Il nostro organico si presta ad essere molto più che semplice immondizia. Da esso si può trarre concime, fertilizzante per i campi e gas energetico di uso quotidiano: il biometano. Considerando che in media un italiano medio produce circa 80 kilogrammi di organico all’anno, il riciclo si presta come soluzione eccellente per sbarazzarsi di questi rifiuti.
IL RICICLO DELL’ORGANICO – Pertanto, come avviene il riciclo dell’organico? L’organico viene raccolto grazie alla raccolta differenziata. Dopodiché, i bustoni vengono accumulati e trasportati in stabilimenti appositi. Prima di accedervi, una bilancia è posta agli esterni di questi stabilimenti, in modo da valutare la massa e il peso dei camion, in entrata e in uscita.
Si ricorda che l’organico è biodegradabile al 100%, ma comunque all’interno dei bustoni è mischiato a plastica, alluminio e altro. Il primo step pertanto è eseguire ciò che non abbiamo fatto bene a casa: smistamento differenziato. All’interno degli stabilimenti, delle braccia meccaniche sollevano le grandi masse di buste di organico per deporle in imbuti trituratori. Qui le buste vengono smembrate, aperte e fatte a brandelli. I brandelli finiscono su dei tapis roulant, risalendo verso altri imbuti con rulli e fori, simili a setacci. Vengono separati tutti gli elementi metallici, infatti questo processo si chiama deferrizzazione.
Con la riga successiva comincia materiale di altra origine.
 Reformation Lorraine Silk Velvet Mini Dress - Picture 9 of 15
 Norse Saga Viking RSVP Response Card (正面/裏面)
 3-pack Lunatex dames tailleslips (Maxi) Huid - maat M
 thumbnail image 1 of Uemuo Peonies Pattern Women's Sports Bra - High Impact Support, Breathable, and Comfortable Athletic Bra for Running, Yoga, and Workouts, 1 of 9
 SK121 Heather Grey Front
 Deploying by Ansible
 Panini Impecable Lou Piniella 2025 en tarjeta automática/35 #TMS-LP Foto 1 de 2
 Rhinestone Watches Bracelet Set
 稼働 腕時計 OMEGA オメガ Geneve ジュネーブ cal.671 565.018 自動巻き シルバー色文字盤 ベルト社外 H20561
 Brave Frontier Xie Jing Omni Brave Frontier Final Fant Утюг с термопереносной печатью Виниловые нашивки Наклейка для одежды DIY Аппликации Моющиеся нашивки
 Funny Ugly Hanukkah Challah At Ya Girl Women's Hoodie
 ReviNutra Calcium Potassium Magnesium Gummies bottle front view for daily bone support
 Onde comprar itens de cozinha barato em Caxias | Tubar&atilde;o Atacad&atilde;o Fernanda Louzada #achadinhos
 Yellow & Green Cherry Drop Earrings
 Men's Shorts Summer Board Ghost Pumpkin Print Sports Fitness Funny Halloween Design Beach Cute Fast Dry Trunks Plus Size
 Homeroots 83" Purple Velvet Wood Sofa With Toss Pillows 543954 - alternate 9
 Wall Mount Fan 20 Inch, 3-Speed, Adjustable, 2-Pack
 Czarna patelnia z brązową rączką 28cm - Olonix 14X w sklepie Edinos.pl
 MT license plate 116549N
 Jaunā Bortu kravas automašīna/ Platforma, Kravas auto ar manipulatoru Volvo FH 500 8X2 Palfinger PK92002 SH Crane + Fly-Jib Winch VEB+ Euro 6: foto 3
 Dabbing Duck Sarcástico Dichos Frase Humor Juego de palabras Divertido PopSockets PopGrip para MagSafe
Il materiale di scarto selezionato finisce in delle vasche, pronto per essere smaltito in seguito.
La parte organica di rifiuti, ovvero la parte riciclabile, finisce in vasche diverse con presenza di acqua. Si determina dunque una purea fangosa. A cosa serve questa purea? Il liquame, per mezzo di un complesso sistema di tubature, finisce in enormi container chiamati biodigestori. Tuttavia vi è una fase intermedia: il liquame possiede ancora dei frammenti solidi nella sua consistenza. Tali frammenti vanno rimossi. Si procede pertanto ad una fase di rimozione all’interno del desabbiatore che scarta tutta la parte solida.
Dentro il biodigestore avviene un processo chiamato digestione anaerobica, ovvero senza ossigeno. Analogamente a quello che succede nel nostro stomaco, dove i succhi gastrici trasformano il cibo, nel biodigestore, ad una certa temperatura di circa 41° C, i batteri trasformano la materia organica in biogas (attenzione, biogas non biometano). Il biometano è il risultato di un processo di raffinazione del biogas, che viene prodotto nel biodigestore con una percentuale di metano del 65%, il resto è prevalentemente CO2 e altri gas e secondari. Il biogas prodotto è più leggero quindi tende a salire verso l’alto.
Da tubi posti in alto viene trasportato in una struttura con cupole, dove stanzia brevemente, per poi essere trasportato in diversi container, dove viene raffinato il biometano. Una volta ultimato, il biometano avrà una concentrazione di metano almeno pari al 97,5%. Questa è la soglia minima per andare poi nella rete di trasporto nazionale. Tali impianti producono sei milioni e mezzo di metri cubi di biometano, ovvero tre volte di più di quanto questo impianto consumi, risultando molto più che autosufficiente.
Abbiamo ottenuto il metano, ma di tutto quel liquido cosa se ne fa?
Tale liquame si chiama ora digestato. Questo composto raggiunge nuovamente le vasche tramite dei tubi. La parte solida e la parte liquida vengono nuovamente divisi. Quella liquida ritorna nella vasca iniziale per generare nuova purea.
La parte solida, invece, diventerà compost. Viene prima mischiata con gli sfalci d’erba dei nostri giardini delle nostre città e viene stoccata in gigantesche camere chiamate biocelle. Questo materiale rimane lì circa 20 giorni, durante i quali avverrà una fermentazione, questa volta aerobica, cioè con ausilio di ossigeno. È così che si trasforma uno scarto in compost di qualità (praticamente il terriccio che si usa in agricoltura o anche in casa per dare nuova linfa vitale alle nostre piantine).
In conclusione, l’organico è il primo tra i rifiuti che dimostra come il riciclo sia di vitale importanza per noi, in quanto risorsa, e per la sostenibilità dell’ambiente.